Exactly as they appear, output all of the records. Skip any images.

### Exercise input ###

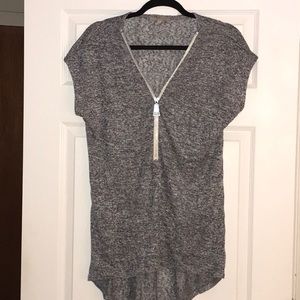 Sleeveless shirt with zippered front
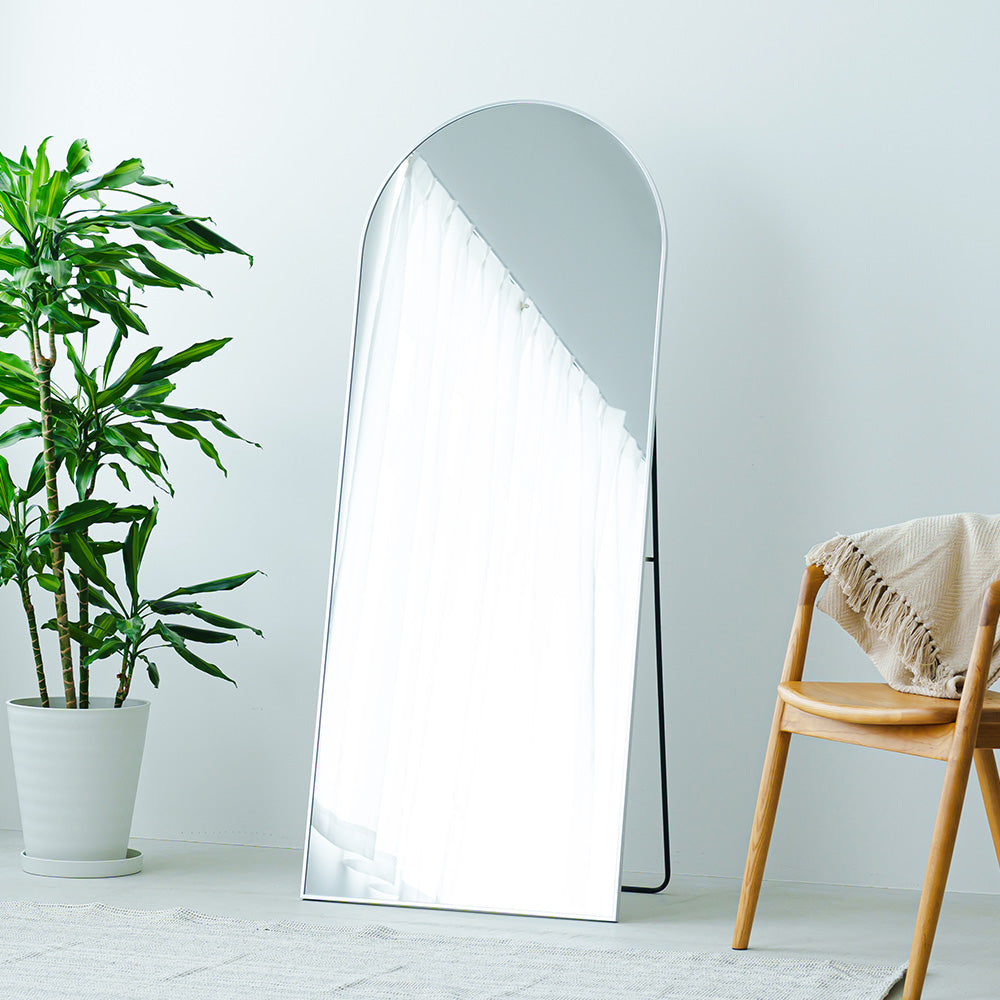 光を連れるスタンドミラー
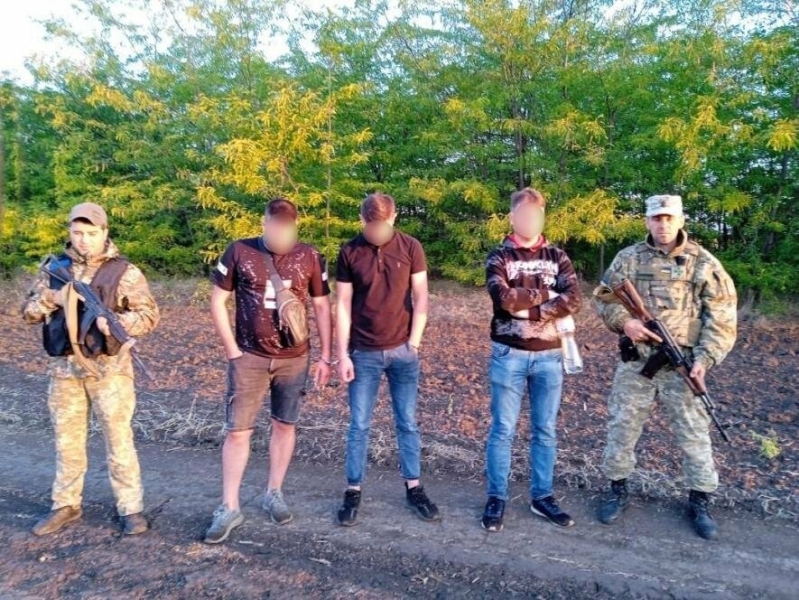 На Одещині затримали трьох чоловіків призовного віку, які намагалися незаконно потрапити до Молдови, - ФОТО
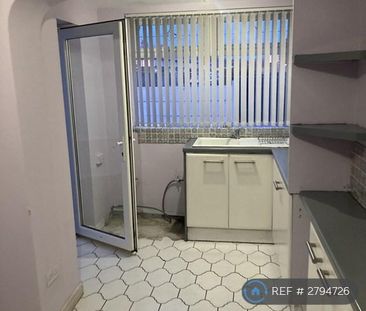 2 bedroom semi-detached house to rent - Photo 6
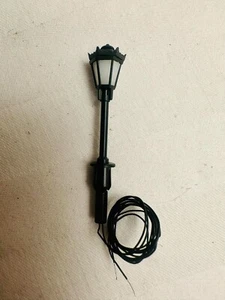 Faro de calle GM127* Viessmann H0 construido - Imagen 1 de 1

###

> **Answer to the problem**
 Sleeveless shirt with zippered front
 光を連れるスタンドミラー
 На Одещині затримали трьох чоловіків призовного віку, які намагалися незаконно потрапити до Молдови, - ФОТО
 2 bedroom semi-detached house to rent - Photo 6
 Faro de calle GM127* Viessmann H0 construido - Imagen 1 de 1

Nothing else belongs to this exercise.